Notes: Factor 1=Self Expression, Factor 2=Economic dimension

Nevertheless, the demographic variables were non-significantly associated with ideal work values. However, there were substantial linkages between actual work values and the organisational variables of job satisfaction and turnover intention. These data infer employees whose work values are being realised are more satisfied and are hence, unlikely to change jobs. The content of Table 3 also indicates that older employees with better job prospects were more satisfied with their jobs and are also unlikely to seek alternative work.

Table 3
Correlations (N = 219)
Variables 1 2 3 4 5 6 7 8 9 10 11 12 13
1. Age 1.00
2. Education (in years) -.18** 1.00
3. Seniority (in years) .75*** -.16* 1.00
4. Income .40*** .30** .41*** 1.00
5. Job prospects .13 .15* .12 .19** 1.00
6. Job opportunities -.21** .06 -.20** -.05 .08 1.00
7. Ideal work values -.10 .17* .01 .11 .29** .08 1.00
8. Total discrepancies -.09 .05 -.12 -.04 -.38** -.14 .16* 1.00
9. Use of my personal abilities .07 .04 .10 .12 .51*** .16* .32** -.62*** 1.00
10. Material gratification .09 .16* .23** .23** .49*** .04 .27** -.51*** .55*** 1.00
11. Interpersonal satisfaction .11 .01 .21** .04 .50*** .01 .35** -.45*** .68*** .57*** 1.00
12. Job satisfaction .25** -.09 .30** .11 .63*** -.01 .24** -.31** .43*** .51*** .58*** 1.00
13.Turnover intention -.35*** .11 -.31** -.l9** -.35** .25** -.12 .12 -.26** -.23** -.31** -.44** 1.00

Note: *=p<0.05 **=p<0.01 ***=p<0.001

Summary

The findings of this study indicate that Taiwanese employees’ work values are characterised by multiple facets, with ‘use my personal abilities’ the most important dimension. Evidence also suggests that simultaneous with the economic rise of Taiwan twenty years ago, employee attitudes towards work have also changed from meeting survival needs to self-actualisation needs. Jobs are no longer seen as just a means of survival, instead they are increasingly seen as means of self-expression, and passages to accomplish life goals and ideals.
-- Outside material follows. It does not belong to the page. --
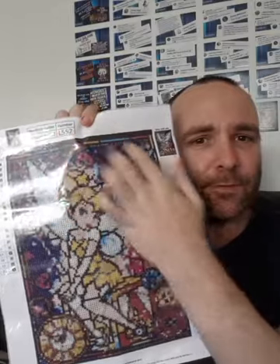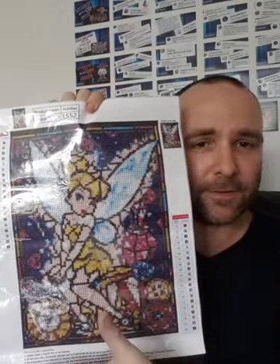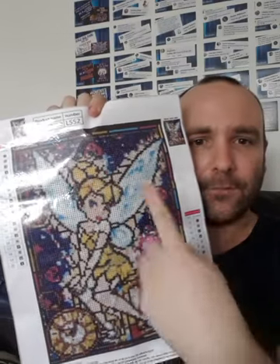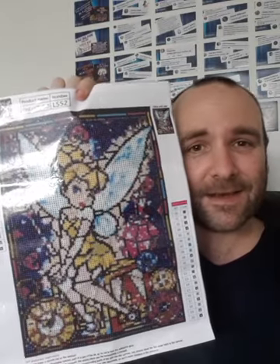The background never looks like the finished product. When you get it close up, it looks quite blocky and you might think it's going to look terrible — but when you stand back it doesn't look too bad, and it's going to look a million times better once you put your diamonds on. Also, try and get one that doesn't have too much of the same color in the background. I like to go for colorful ones. If you get one with loads of white or black in the background, even on the 30 by 40, it can get quite tedious constantly doing the same color over and over.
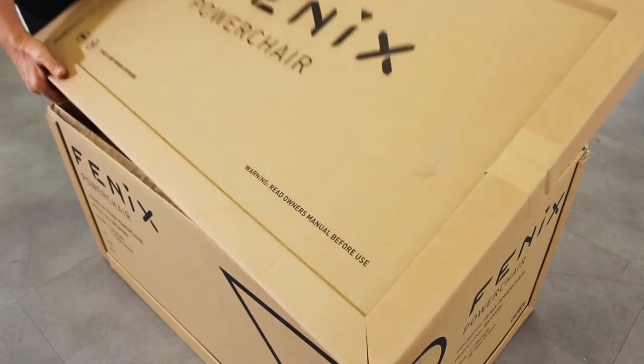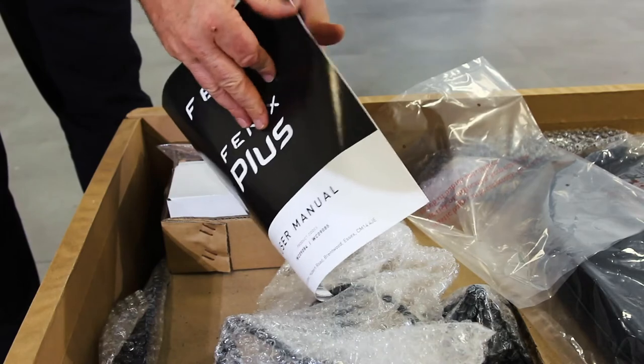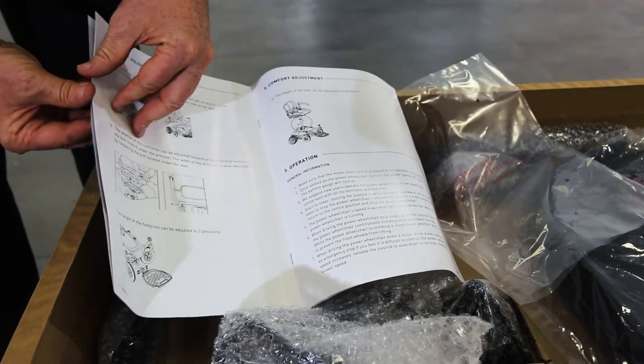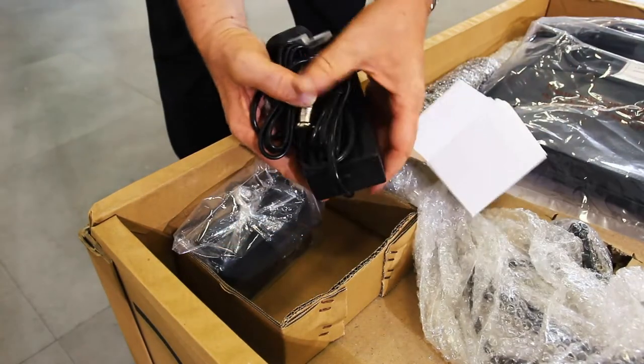Lift off the lid and set it aside. Inside you will find the instruction manual. Please keep hold of this as it contains useful information about how best to use and maintain your chair. You'll also find a charger for your power chair's battery.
What more then can management do to enhance the workers’ job adjustment? On the one hand, job enrichment, job enlargement, job redesign, and performance management systems may be introduced that allow for challenge and self-actualisation at work. Counselling and guidance services may be provided to help employees to better understand their own needs and wants, and hence find better ways to realise these ideals in jobs. On the other hand, more varied and personalised company welfare packages may be discussed and introduced to accommodate diverse employees wishes, such as flexible work time, holiday arrangements, and childcare allowances. Money is no longer the only valued reward from work, although still an important one, especially in the current Taiwanese economic depression. Better and more effective performance management systems have the potential to enhance both employees’ actual monetary returns and a psychological sense of equality and consequently to provide actual benefits in organisational performance.